One limitation of the Democratic case against socialism is that no major Presidential candidate seems excited about defending the current iteration of American capitalism. So what is advertised as a first-principles debate between two competing ways of organizing society often becomes, when the question turns to policy, a much more minor set of disagreements over degrees of reform. I asked Hickenlooper whether it was excessive for Democrats to refuse corporate PAC funding, but it turned out he’d made such a pledge himself. Trying to find the point of tension, I asked Hickenlooper whether his critique of socialism included Elizabeth Warren’s program. He said that he liked and admired Warren “but she’s never been in business. She really doesn’t care or trust business.” But it sounded like Hickenlooper didn’t really trust business, either. “Capitalism as it’s practiced in America has evolved in a way that’s not healthy,” he said. But, if that was the case, then did the arguments over socialism just come down to the question of whether Medicare for All was the best way to achieve universal health-care coverage? Because that sounded like a tactical question as much as an ideological one.

Listening to Hickenlooper, it seemed to me that there was something else that bothered him about the socialist idea that he was not quite putting into words. He seemed drawn to projects in which people could take action on their own behalf, that existed at the human scale: the bottom-up economic plan, designed around what nurses and small-business owners wanted for their town. A brewpub that could revive a neighborhood; an ambitious light-rail project that helped connect Denver to its suburbs, which he had accomplished through diligent personal lobbying of suburban politicians; an apprenticeship program built through coöperation with Colorado’s business leaders, so that teen-agers who were not headed directly for college would graduate with “skills and a sense of direction.” What seemed to spook him about socialism was an implied passivity. “That rut of thinking that government’s going to solve all our problems,” he said. “I think, as long as we’re demonizing business, as long as we’re saying we have all the answers—the rest of you just wait while we provide you all the answers—I think we’re going to have problems.”

There is an unsettling bigness to Presidential politics right now. The mass identities of nationalism and socialism can sometimes leave little place for the individual. I found that the most moving moments at Bernie Sanders’s 2016 rallies came when he invited members of the crowd to call out their student-debt totals, and anonymous voices would yell debilitating sums from the darkness. And yet it was also a little strange to hear the great creative body of the educated American middle class, so long described by Republicans and Democrats as the source of immense strength, rendered as victims. “So much of this is about optimism,” Hickenlooper said. “One of the real challenges that the country is going to have to come together around is getting back to where we look forward to tomorrow.” That sounded deeply felt, and it was hard to dispute. But whatever social pessimism exists in America set in during a period of rapacious capitalism. I couldn’t really see what socialism had to do with the problem.

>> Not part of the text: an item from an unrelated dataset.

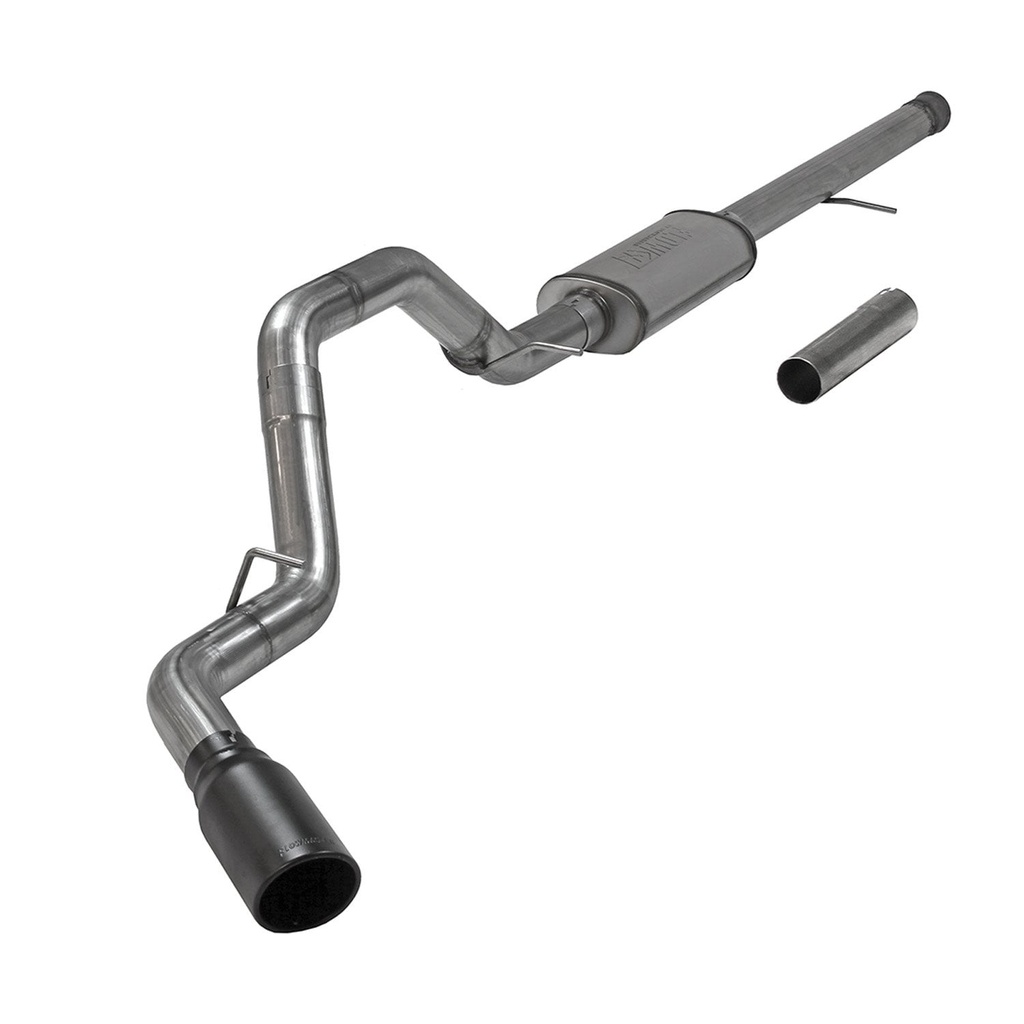 Flowmaster 717885: FlowFX Cat-Back Exhaust System for 2011-2018 Chevy Silverado, GMC Sierra 1500 Pickup Truck 6.2L (Crew, Double Cabs)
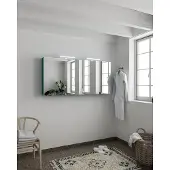 Mondiaz Cubb spiegelkast 150x70x16cm smag met 3 deuren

Hickenlooper had to get to Connecticut for a fund-raiser, and, as we walked out, it turned out we were headed in the same direction, for half a block. I mentioned a cousin of my father’s, Jay Fetcher, who raises beef cattle on a ranch north of Steamboat Springs and once ran a losing campaign for the Colorado State Senate as a Democrat. “I know Jay Fetcher!” Hickenlooper cried. “He’s awesome!” He remembered Jay’s father, John, too, a real Routt County legend, a rancher and engineer who had helped develop the Steamboat Springs resort and was a figure in the Yampa Valley water wars. At the corner of Fifty-second Street and Madison, we parted ways. Halfway across the street, disappearing into a crowd of thousands, the governor turned back, his face stretched into a happy grin. For a moment, he’d found the human scale. He called out to me, “Small world!”